Instructions to follow » All of the data, except its images, should be set down exactly as it appears.
-- The data follows --
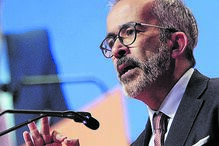 Paulo Rangel a discursar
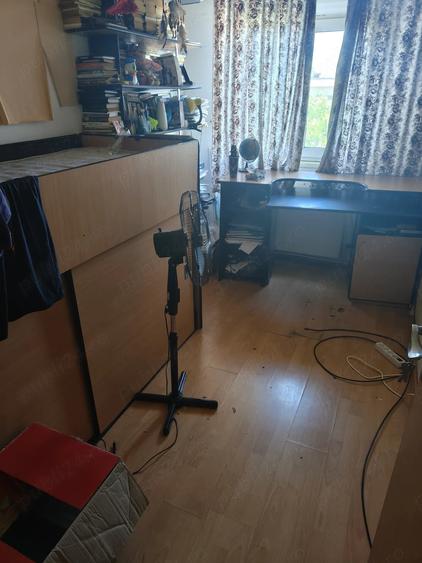 Vand apartament cu 3 camere in micro 17 etajul 4 - 6
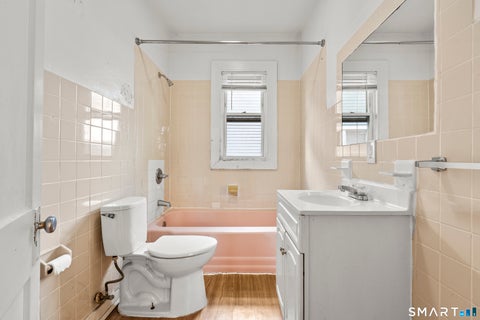 Tiny photo for 855 Woodward Avenue #1st Flr, New Haven, CT 06512 (MLS # 24208983)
-- The data concluded --
Exercise output »
 Paulo Rangel a discursar
 Vand apartament cu 3 camere in micro 17 etajul 4 - 6
 Tiny photo for 855 Woodward Avenue #1st Flr, New Haven, CT 06512 (MLS # 24208983)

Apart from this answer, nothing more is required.